Many people have asked me whether I prefer the Sniper or the Turtles system and my answer is: The Sniper. My opinion is based on the Average Annual Return to Max-Draw-down ratio. The Sniper has historically obtained better returns for the draw-downs that it experiences. We could increase the position size, to match the historical returns of the Turtles and it would experience way smaller draw-downs at those risk levels.
When it comes to the portfolio of EURUSD + AUDUSD + GBPUSD, the system had a mediocre result, mainly due to the under-peformance of the Sterling Pound (GBPUSD) which had a -11.62% year and brought the portfolio down 1.02% for the year 2015.
Other symbols like Gold (XAUUSD) and the Canadian Dollar (USDCAD) had positive results of +1.50% and +14.70% respectively.
Euro +8.20%
Australian Dollar +2.19%
Sterling Pound -11.62%
Canadian Dollar +14.70%
Gold +1.50%
All those instruments combined in the same portfolio would have resulted in a +15.33% return with a 12.67% draw-down.
I have met so many traders entirely opposed to 100% automated trading systems. If automated trading systems truly don't have a chance, then why do those same people always complain that the markets are dominated by "algos".

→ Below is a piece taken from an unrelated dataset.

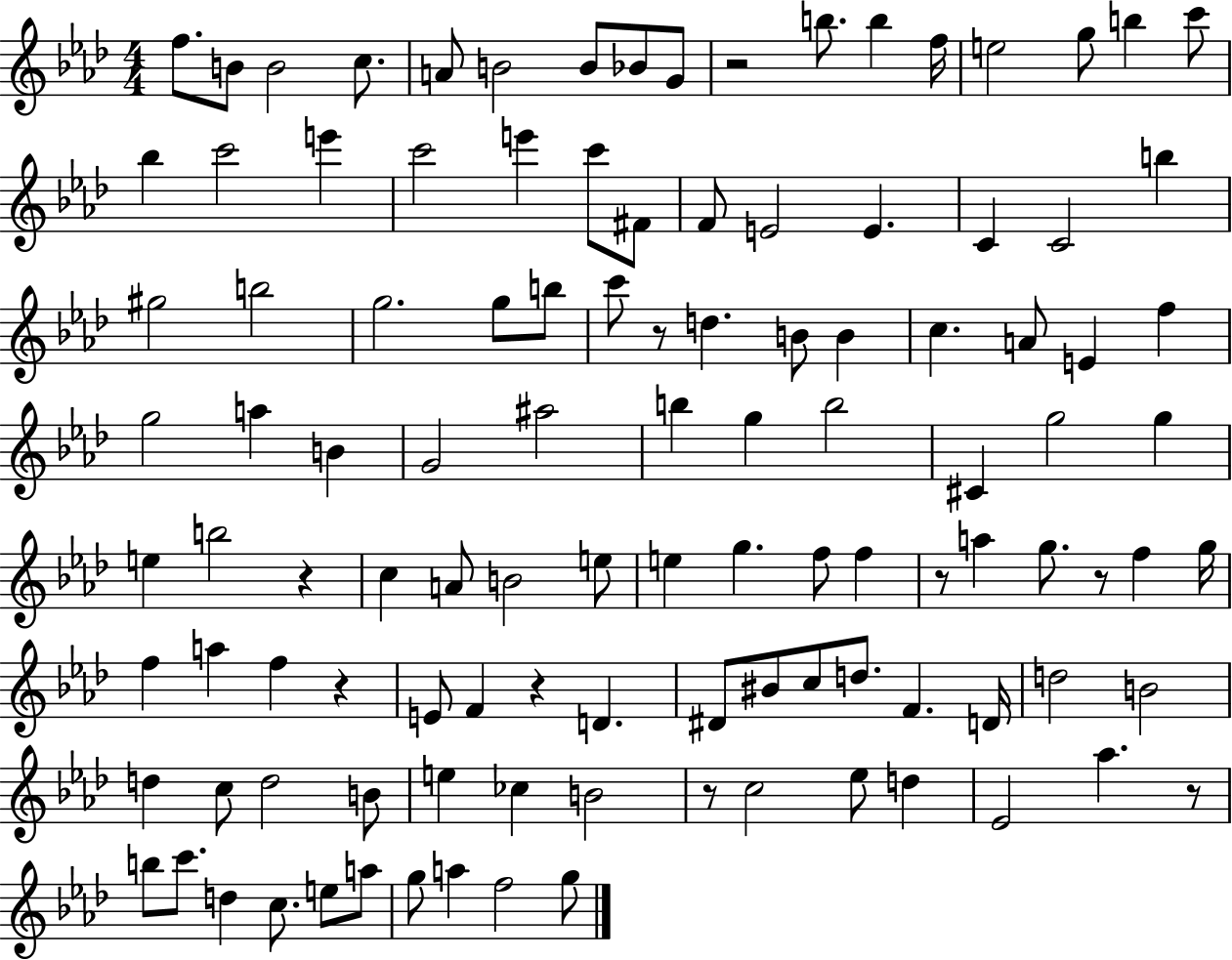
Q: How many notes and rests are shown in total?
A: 112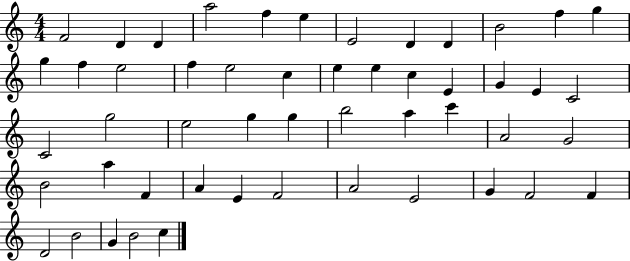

Profitable automated trading is possible. It has been done. It is happening every day in the markets and it will continue to happen.
But, just like I said last year, be careful. There is an extraordinary amount of useless garbage out there. Especially in the world of retail Forex trading where automation is more prevalent and unscrupulous vendors distributing curve-fitting junk just to make a quick buck by selling the get rich overnight dream.
Let's let the "algos" work, and see how they perform in 2016. It would be cool to show extended track records of fully automated systems over 10 or 20 years. Let's see if I'm alive by then. As long as I am, results will continue to be shared year after year no matter what.